Compléter cet alinéa par les mots :

, sauf si le contrat contient une clause prévoyant que les parties arrêtent des mesures de compensation, notamment tarifaires, en cas de modification, de création ou de suppression d’impôt, de taxe ou de redevance

La parole est à M. Laurent Lafon.

M. Laurent Lafon. Cet amendement concerne également les huit sociétés concessionnaires d’autoroutes, qui bénéficient, avec ces règles de déductibilité, d’un avantage fiscal évalué par l’Autorité de la concurrence à 56 millions d’euros par an et par société.

Compte tenu de la situation financière de ces sociétés et des contrats dont elles ont bénéficié, cet avantage ne paraît pas forcément nécessaire.

M. le président. L’amendement n° I-305 rectifié ter, présenté par M. Gremillet, Mme Primas, MM. Magras, Pierre, Morisset et Vaspart, Mmes Bruguière, Chain-Larché, Thomas, Estrosi Sassone et Morhet-Richaud, MM. Mayet, de Legge, Pellevat, Revet et Bonne, Mme Deromedi, MM. Brisson, Mouiller, Milon, Bonhomme et Chatillon, Mme Procaccia, MM. Savary, Bascher, Lefèvre et Dallier, Mmes Imbert et Delmont-Koropoulis, MM. Cuypers, Cardoux et D. Laurent, Mme M. Mercier, M. Daubresse, Mme Gruny, MM. Sido, Vogel, Kennel, Longuet et Bizet, Mme Noël, MM. Laménie, Poniatowski, Genest, J.M. Boyer, Duplomb, Priou et de Nicolaÿ, Mme de Cidrac, MM. Chaize et Mandelli et Mme Lamure, est ainsi libellé :

I. – Après l’alinéa 41

Insérer deux alinéas ainsi rédigés :

« …° D’un contrat d’obligation d’achat ou de complément de rémunération prévu aux articles L. 311-12, L. 314-1 à L. 314-2, L. 314-18 à L. 314-21 et L. 446-2 et L. 446-4 du code de l’énergie pour l’énergie produite par une installation terrestre de production d’énergie renouvelable ;

« …° D’une concession d’utilisation du domaine public maritime en dehors des ports prévue aux articles L. 2124-1 et suivants du code général de la propriété des personnes publiques, pour les lauréats désignés à l’issue d’une procédure de mise en concurrence mentionnée à l’article L. 311-10 du même code relatives à des installations de production d’énergie renouvelable en mer.

II. – Pour compenser la perte de recettes résultant du I, compléter cet article par un paragraphe ainsi rédigé :

… – La perte de recettes résultant pour l’État du présent article est compensée, à due concurrence, par la création d’une taxe additionnelle aux droits prévus aux articles 575 et 575 A du code général des impôts.

La parole est à M. Daniel Gremillet.

M. Daniel Gremillet.

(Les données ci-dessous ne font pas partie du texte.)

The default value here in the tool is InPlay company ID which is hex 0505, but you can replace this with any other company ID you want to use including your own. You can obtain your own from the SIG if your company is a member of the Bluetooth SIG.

L’article 13 du présent projet de loi de finances transpose l’article 4 de la directive ATAD du 12 juillet 2016 et met en œuvre un nouveau mécanisme d’encadrement de la déductibilité des surcoûts d’emprunt.

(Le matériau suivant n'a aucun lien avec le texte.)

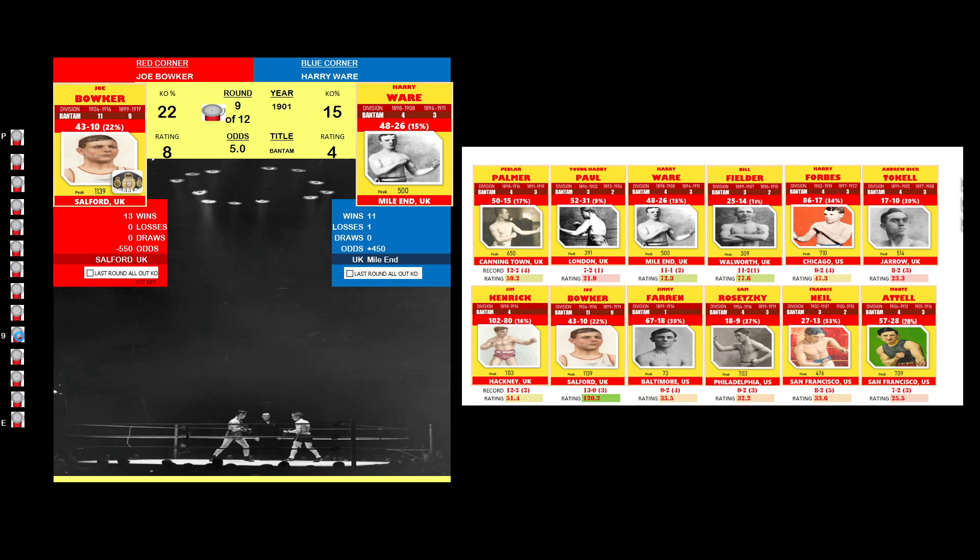Harry Ware probably won round 9. Joe Bowker clearly won round 10.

La liste des exceptions introduite à l’Assemblée nationale n’intègre pas les projets d’énergies renouvelables bénéficiant d’un contrat de soutien public, alors que ces derniers présentent des similitudes fortes avec des projets d’infrastructures publiques de long terme – je pense en particulier au soutien public dont ils bénéficient, qui s’exprime au travers d’un contrat de nature administrative – et qu’ils répondent à un objectif d’intérêt général, fixé par la loi.

Les sociétés de production d’énergie renouvelable sont par ailleurs, du fait des caractéristiques des installations de production qu’elles mettent en œuvre, structurellement faiblement capitalisées. Ces installations nécessitent en effet des investissements initiaux importants, avec un recours à la dette généralement à hauteur de 80 %.

Par cohérence avec les objectifs de la politique énergétique et pour éviter un renchérissement des projets d’énergies renouvelables, qui serait in fine payé par le contribuable, le présent amendement vise à ajouter à la liste des exceptions les projets d’énergies renouvelables électriques ou gazières, sur terre et en mer, au même titre que les autres projets d’infrastructures publiques de long terme.